**Task instructions**
In the listing below, start your output at the line with "Little Rabbit Rattle" and end it after the line with "Alternative view of", copying every line exactly.

**Extracted records**

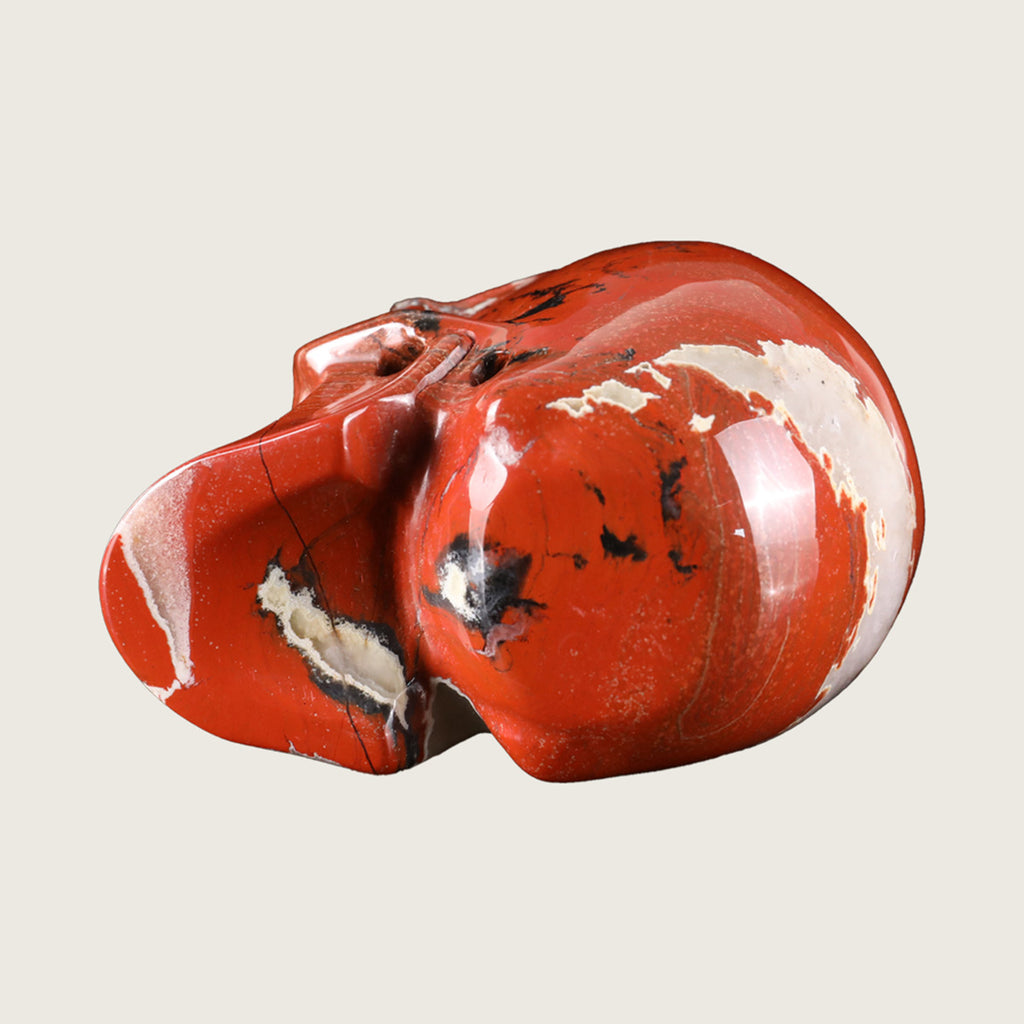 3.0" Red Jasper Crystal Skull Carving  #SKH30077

...

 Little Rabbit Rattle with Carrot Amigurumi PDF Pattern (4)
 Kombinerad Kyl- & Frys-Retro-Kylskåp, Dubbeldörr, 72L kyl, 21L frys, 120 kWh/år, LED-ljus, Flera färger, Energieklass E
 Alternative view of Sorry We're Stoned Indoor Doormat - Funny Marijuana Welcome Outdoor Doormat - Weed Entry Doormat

**Output for this task**
 Little Rabbit Rattle with Carrot Amigurumi PDF Pattern (4)
 Kombinerad Kyl- & Frys-Retro-Kylskåp, Dubbeldörr, 72L kyl, 21L frys, 120 kWh/år, LED-ljus, Flera färger, Energieklass E
 Alternative view of Sorry We're Stoned Indoor Doormat - Funny Marijuana Welcome Outdoor Doormat - Weed Entry Doormat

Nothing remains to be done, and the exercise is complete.